Vento Norte: O que você considera ser a maior dificuldade no voo?
Raquel: Ainda estou no inicio do esporte, então considero que a primeira dificuldade é conseguir responder de forma adequada a um ambiente e equipamentos aos quais não estávamos acostumados. Foi importante aprender a não me cobrar demais nisso, pois cada um tem um ciclo de aprendizagem inicial que é independente do perfil que desejaremos seguir como pilotos. A persistência é mais eficiente do que contabilizar o tempo em que cada coisa aconteceu.
Outra dificuldade é a nossa percepção sobre a evolução no aprendizado. De repente as coisas começam a fazer sentido e a curva de aprendizado aumenta bastante, isso dá a impressão de termos controle e de estarmos nos saindo melhor que um padrão criado por nós mesmos. É necessário constantemente refletir para não se deixar levar por esse tipo de coisa. 
 
Vento Norte: Pode considerar que o voo livre mudou sua maneira de encarar algumas situações, sejam elas profissionais, espirituais, sociais e outros, ou que mudou em sua vida depois que passou a praticar o esporte?
Raquel: Sim. Já me dediquei a vários interesses diferentes, quer seja para sair da rotina, por aprendizado, para atingir um ideal ou até mesmo para ter assunto, mas nada me trouxe um retorno tão completo. 
O parapente veio em uma época de questionamentos em relação à carreira e a um estilo de vida que eu costumava defender, mas que já não estava me levando a nada diferente do que eu já havia vivido. Eu costumava gastar bastante tempo e dinheiro com coisas que serviam apenas para anestesiar uma rotina que não servia mais. O voo ajudou a mudar essa perspectiva. 
Outra questão interessante é que no voo temos contato com pessoas das mais variadas áreas, cada qual com suas características e pontos de vista. É uma boa oportunidade para observar e respeitar isso.
 
Vento Norte: Possui algum sonho no esporte a ser realizado ou conquistado?
Raquel: Voar de cross country. Também quero poder viajar para conhecer novos lugares e rampas.
 
Vento Norte: Tem algum momento que considera mais especial que os demais?
Raquel: A primeira vez que eu fui com a escola pra Ilha do Mel. Eu nunca tinha voado, nem de duplo. A condição estava tranquila e o vento fraco, ai consegui fazer meu primeiro voo (um prego bem digno até). Depois, no mesmo dia ainda voei de duplo e foi só alegria ver a ilha inteira lá de cima! 
 
Vento Norte: Já voou em quantas rampas de voo? Dessas rampas tem alguma que você tem um carinho mais especial?
Raquel: Por enquanto somente no Morro do Cal/PR e Ilha do Mel/PR. 
Tenho um grande carinho pelos dois lugares por que eles proporcionam experiências diferentes que acabam se complementando no meu aprendizado.
 
Vento Norte: Já passou por algum incidente ou acidente, se sim o que houve e por que?
Raquel: Levei uns arrastõezinhos engraçados no inicio, mas foram suaves. 
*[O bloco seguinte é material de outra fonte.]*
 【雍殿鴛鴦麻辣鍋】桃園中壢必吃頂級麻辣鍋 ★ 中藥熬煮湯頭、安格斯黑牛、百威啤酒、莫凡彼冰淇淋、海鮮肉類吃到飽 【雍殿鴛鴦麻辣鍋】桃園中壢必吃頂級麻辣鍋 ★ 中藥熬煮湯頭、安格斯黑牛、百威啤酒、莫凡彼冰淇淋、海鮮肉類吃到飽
Obs: arrastöes quando mencionados referem-se ao treinamento em solo.
 
Vento Norte: Que dica você orienta para aqueles que estão começando no voo livre ou que pretendem iniciar no esporte?
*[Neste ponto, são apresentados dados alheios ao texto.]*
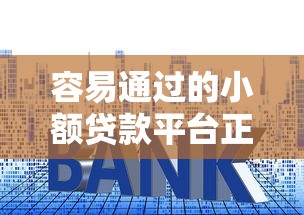 容易通过的小额贷款平台正规吗可靠吗？看看这5个贷款小平台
Raquel: É igual escolher a pílula vermelha do Matrix. Não tem volta e você nunca mais vai enxergar as coisas da mesma forma, e não vai querer parar! Constantemente você será pego olhando para o céu, inclusive vão começar a te achar meio maluco(a) por isso. Provavelmente você vai abrir mão de outras coisas que nem eram tão importantes assim. Respeite suas características individuais e tenha opinião própria, mas não seja teimoso. O voo acaba sendo essa questão de equilíbrio. 
 
Vento Norte: Se quiser deixar um depoimento para a Vento Norte, pilotos e alunos sinta-se a vontade!
Raquel: Agradeço o trabalho honesto e de qualidade da equipe Vento Norte e também a paciência infinita do Márcio, Kauan e Natan. Sinto-me satisfeita por ter optado por uma escola com uma ótima estrutura, tanto nas aulas teóricas quanto nas práticas e que trata os alunos de forma individual. Fico feliz por vocês participarem de cada conquista! 
 
Vento Norte: Agradecemos a conversa, o carinho e o reconhecimento pelos instrutores, alunos e pilotos, Raquel. Muito obrigada por compartilhar e deixar compartilharmos sua experiência, sensações e emoções!